Nachdem sich die Aufregung um den versuchten heimtückischen Noten-Raub Andi Bablers an unseren Schülern wieder gelegt hat, hier mein Senf dazu: Die rote Bildungssprecherin Petra Tanzler liegt mit ihrem Ansatz, in Volksschulen die Noten abzuschaffen, natürlich richtig. Zumal es nicht darum geht, die Leistung abzuschaffen, auch nicht das Beurteilen von Leistung, Fleiß, Fortschritt – sondern nur die fünf Ziffernnoten, die wenig aussagen (Notenwahrheit gibt es nicht) und viel ruinieren können: den Mut zu Versuch & Irrtum, Freude am Lernen, Selbstwert.

Der Kinderpsychiater und Schriftsteller Paulus Hochgatterer sagte einmal im "Standard": "Ziffernnoten und Sitzenbleiben machen Angst und Scham. Wenn man Menschen haben will, die stumm werden und sich ducken, wenn von oben herab jemand laut spricht, Menschen, die auf Befehl strammstehen und Parolen nachbrüllen, dann soll man möglichst früh anfangen, Kinder zu ängstigen und zu beschämen." Tja.

„Note: Sehr gut“

Es ist doch gut, wenn man genügend kann

Und weil wir schon dabei sind: Allein die Namen für unsere fünf Noten sind ein Murks. Beispiel "Genügend". Warum wird die zweitschlechteste Leistung so benannt? Ist doch gut, wenn man so viel kann, dass es (sogar gestrengen Lehrern) genügt. Oder das "Befriedigend". Hat ein "Befriedigend" jemals jemanden befriedigt? Es ist kein Zufall, dass das "Befriedigend" in dieser Kolumne praktisch nie vergeben wird.

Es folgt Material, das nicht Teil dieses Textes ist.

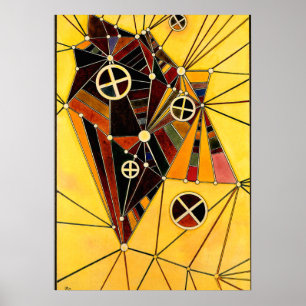 Kandinsky - Im Netzwerk Poster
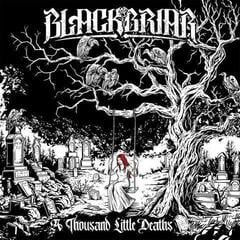 LP Blackbriar - A Thousand Little Deaths (Transparent Curacao Coloured) (LP)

Was befriedigt, ist ja in Wahrheit gut oder sogar sehr gut. Was also nicht mindestens gut ist, müsste "Unbefriedigend" heißen. Wenn man mich fragt, stünde ein solches am Ende der Notenskala, und zwar statt des unseligen "Nicht genügends", das Kindern, vor allem den kleinen, mehr schadet als nutzt. Ich persönlich käme ja mit vier Noten aus: "Sehr gut" - "Gut" - "Nicht gut" - "Echt jetzt?" Wäre im Zeugnis halt noch gewöhnungsbedürftig.